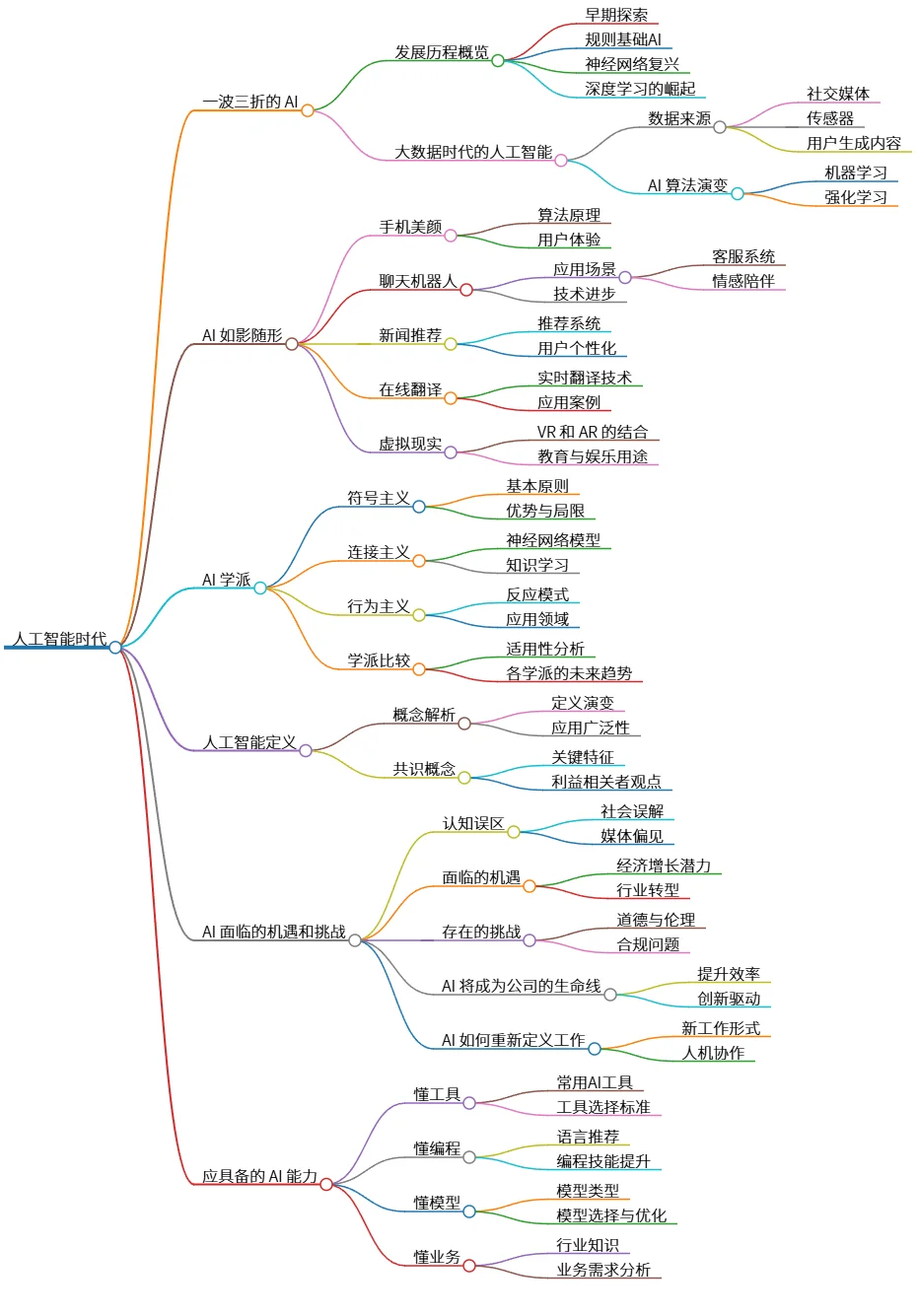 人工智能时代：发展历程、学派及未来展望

* * *

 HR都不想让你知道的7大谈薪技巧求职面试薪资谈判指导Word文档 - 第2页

==

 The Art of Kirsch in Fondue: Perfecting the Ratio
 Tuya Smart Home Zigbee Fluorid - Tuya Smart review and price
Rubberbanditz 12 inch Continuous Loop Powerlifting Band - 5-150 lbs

- Aim of the task:
From the records above, repeat exactly the lines from the one with "The Art of Kirsch" through the one with "Rubberbanditz 12 inch", both included.

- Written reply:
 The Art of Kirsch in Fondue: Perfecting the Ratio
 Tuya Smart Home Zigbee Fluorid - Tuya Smart review and price
Rubberbanditz 12 inch Continuous Loop Powerlifting Band - 5-150 lbs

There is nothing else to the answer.